One journalist’s quest for a silly answer leads to a desperate search for the truth behind the most bizarre news story.
A woman was reading a book, her husband was driving, and their son was asleep in the back seat when an axe flew through the windscreen. The short-handled axe – otherwise known as a hatchet – struck the book the woman was reading. The woman received minor bruises and cuts, the driver and the child were uninjured.
That’s it. That’s the whole story.
At least according to the brief write-up in the New Zealand Herald on Tuesday, October 29. The incident happened outside Dargaville on State Highway 12, and Sergeant Lance Goulsbro said it was unclear if the axe had come from a passing vehicle or if it had bounced up from the road.
The most fascinating news story in the country took up all of seven centimetres in the paper.
I first came across the story because of a tweet. “Book story”, wrote Steve Braunias, captioning an image of the report. A book had saved someone’s life, it seemed. The incident was reminiscent of the many stories told of pocket bibles stopping bullets during the war. It was a modern day miracle, and the overwhelming reaction to it was what book was she reading?

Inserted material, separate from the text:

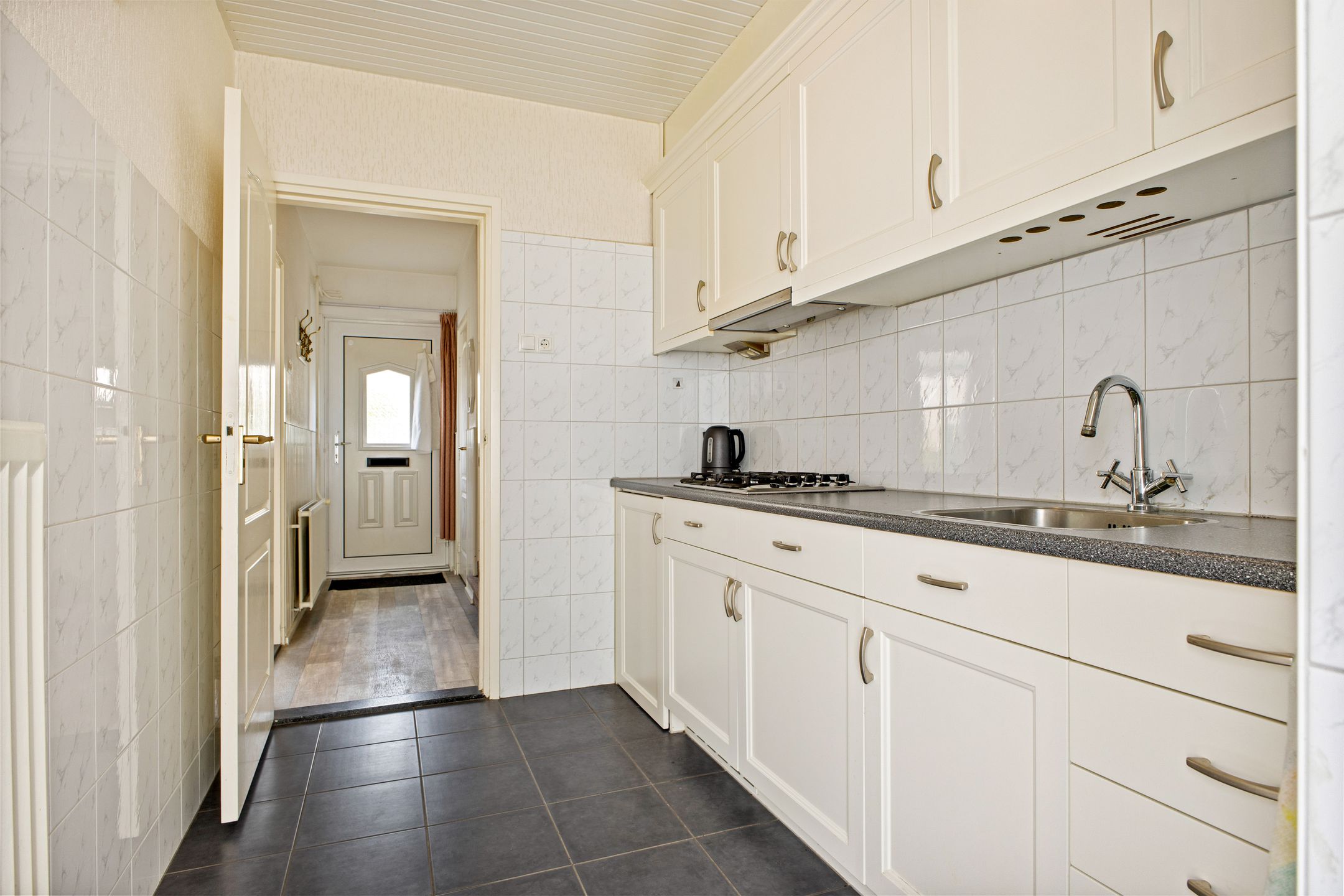 Photo 6 of Laagakkerstraat 21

“We need to know the title!!” one person yelled through text.
“This story is incomplete without the title!!!” screamed another.
I wanted to know the title too. And thanks to my profession, it made sense for me to find out. So on the morning of October 29, I set out to answer one question and one question only: what book saved a woman’s life outside Dargaville?

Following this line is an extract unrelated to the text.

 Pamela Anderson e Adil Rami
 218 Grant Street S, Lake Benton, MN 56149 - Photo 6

I eventually found the answer, but in the process, I uncovered many more questions.
Sergeant Lance Goulsbro knew what I knew and nothing more. He declined my call using one of the pre-written message rejections: please text me.

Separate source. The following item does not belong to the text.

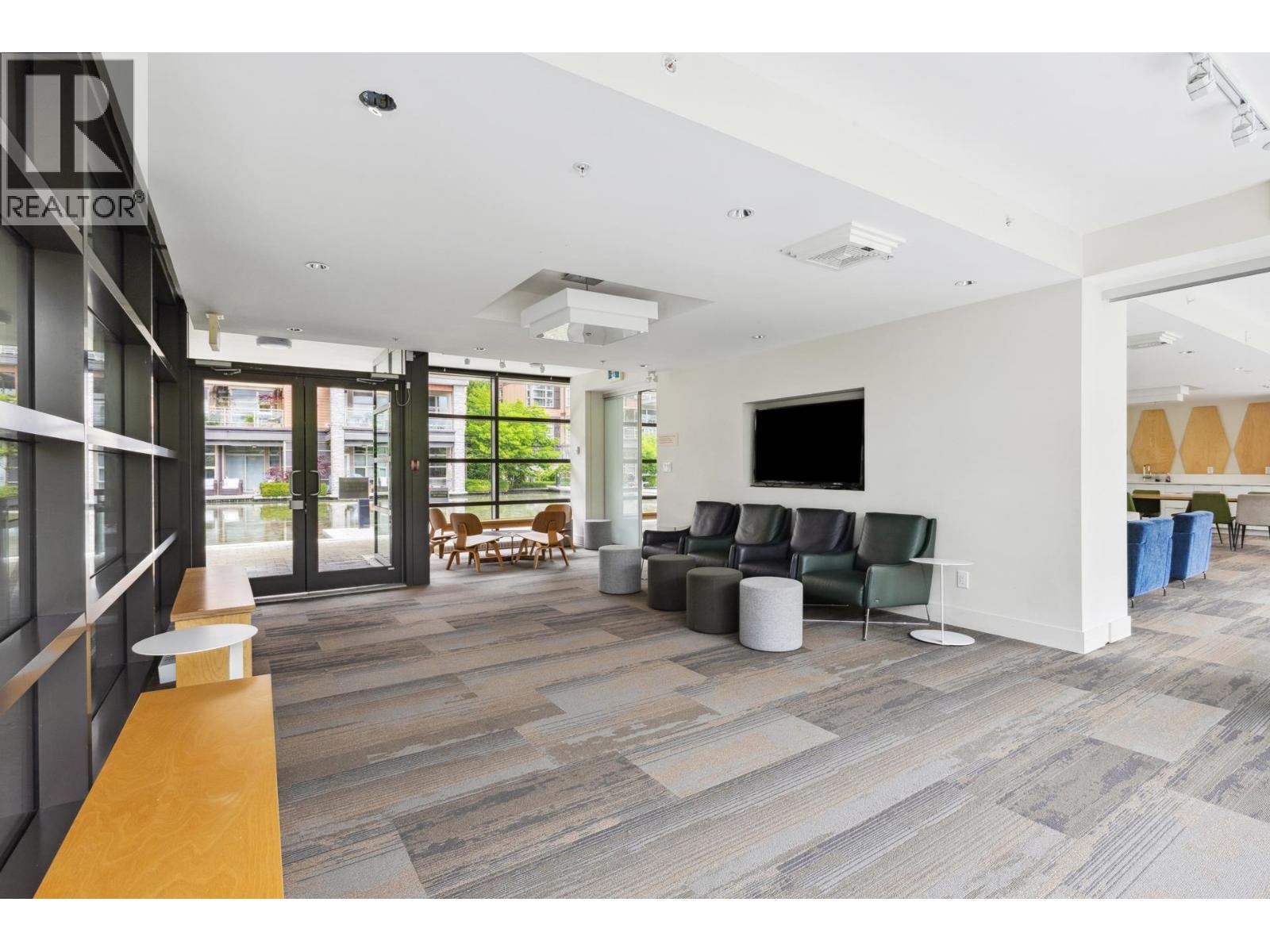 406 3606 ALDERCREST DRIVE, North Vancouver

“Hi Lance… I have just two pressing questions you could really help with…
1) How long was the axe?
2) What book was she reading?”
He called me to say that he couldn’t help, he was just the officer on desk duty that day. “Try the Dargaville police station,” he said.
After 13 minutes on hold with the police, I did my own investigating and found the number of detective sergeant Jonathan Tier from Dargaville Police. I asked for details on the axe that went through a windscreen.
“How did you know about that?”
My heart rate picked up. Why did he sound defensive? I waited for Tier to go on, a classic reporting trick.
“Apparently it was Daniel Boone that threw it.”
I scrambled for a pen while gasping “it was thrown?!” down the line. There was a pause which, listening back to the recording, was actually Tier sighing.
“Oh my goodness, how old are you? He was a TV character in the 70s.”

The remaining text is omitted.